Insurance Coordination and Crisis Management
Cyber insurance has become a standard component of enterprise risk management, yet many organisations discover gaps in their understanding of policy requirements only when filing a claim. The session addresses the coordination between incident response activities and insurance obligations, an area where missteps can jeopardise coverage or create disputes with carriers.
Insurers typically require prompt notification, use of approved vendors for forensic investigation, and documentation standards that may differ from an organisation’s internal practices. Breach coaches often serve as intermediaries in this relationship, ensuring that response activities satisfy both operational needs and policy requirements. For organisations that have not previously experienced a significant incident, understanding these dynamics before a breach occurs can prevent costly surprises during an already stressful situation.

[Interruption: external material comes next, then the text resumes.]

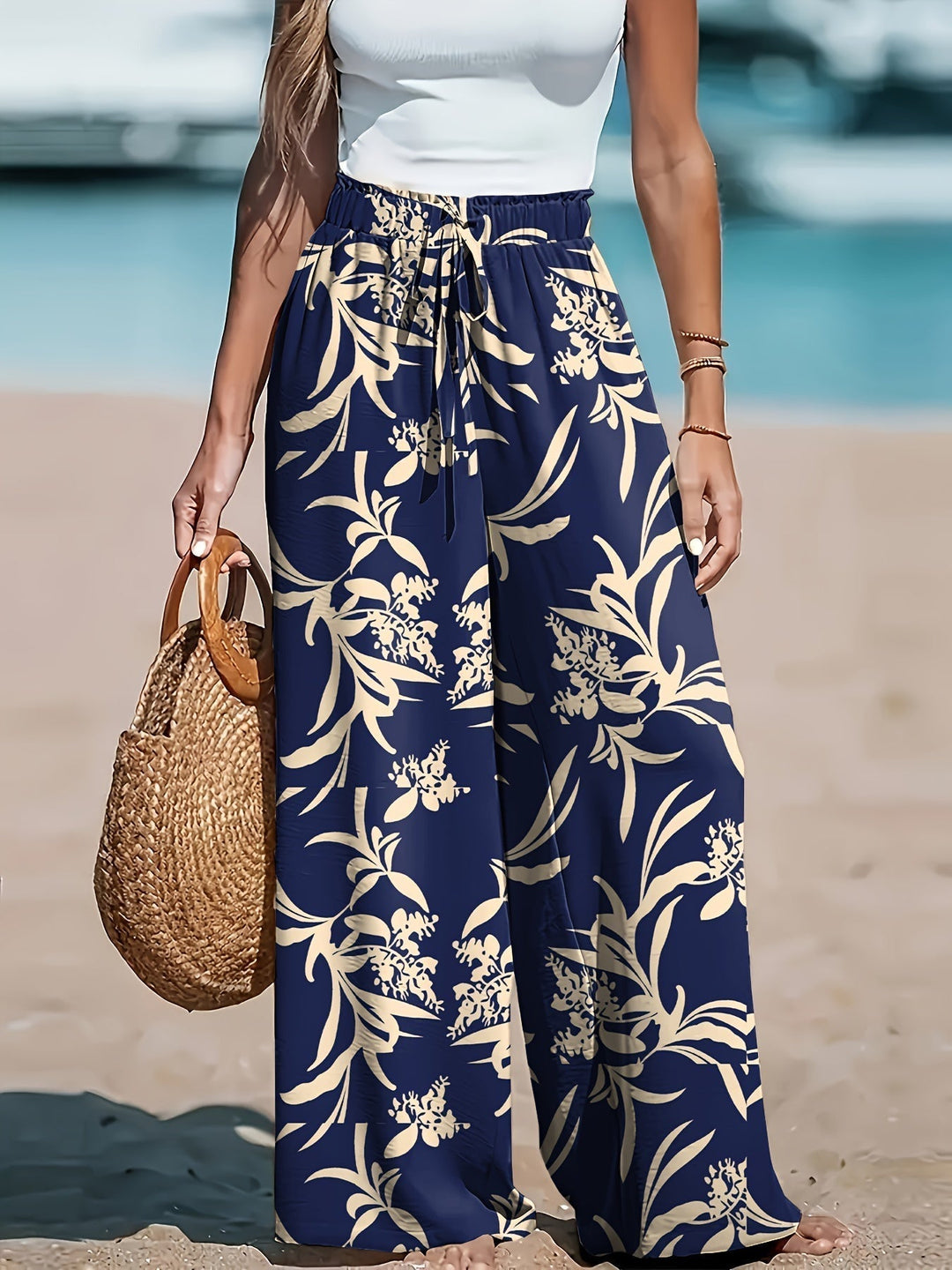 Pantalon large femme élégant, motif floral chic, fluide et confortable pour un look de printemps/été.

Crisis management extends beyond technical and legal considerations to encompass internal and external communications, business continuity decisions, and stakeholder management. The webinar’s practical focus includes these broader organisational challenges, recognising that effective incident response requires coordination across functions that may not regularly interact.
Who Should Attend
The session is designed for professionals who bear responsibility for cyber incident preparedness and response, whether from technical, legal or business perspectives. IT managers and security analysts will benefit from understanding the legal dimensions that shape response decisions. CISOs and risk managers can gain insight into coordination challenges that span organisational boundaries. Legal counsel specialising in data privacy and cybersecurity will find value in the operational perspectives offered by incident response practitioners.
Managed service providers represent a particularly relevant audience, as they often serve as the first line of response for client organisations and must navigate complex questions of responsibility, communication and escalation. MSP executives and technical staff can apply the lessons from this session to improve their own incident response offerings and client advisory capabilities.
Industry Context
The intersection of cybersecurity incident response and legal strategy has grown increasingly complex as regulatory frameworks mature and litigation following breaches becomes more common. Organisations now operate under overlapping notification requirements from sector-specific regulations, state and national data protection laws, and contractual obligations to customers and partners. The window for making critical decisions after a breach has compressed, while the consequences of those decisions have expanded.
This environment has elevated the importance of pre-incident preparation that extends beyond technical controls to include legal relationships, insurance review and cross-functional coordination planning. Events like this webinar reflect a growing recognition that incident response is not solely a technical discipline but an organisational capability that requires integration across security, legal, risk management and executive leadership.
Conclusion
For organisations seeking to strengthen their incident response capabilities, this webinar offers a rare opportunity to learn from real-world experience without bearing the cost of that experience directly. The combination of technical, legal and operational perspectives provides a more complete picture of effective breach response than any single discipline can offer alone. As cyber incidents continue to challenge organisations across all sectors, the practical insights from sessions like this become increasingly valuable for professionals responsible for protecting their organisations and guiding them through crisis.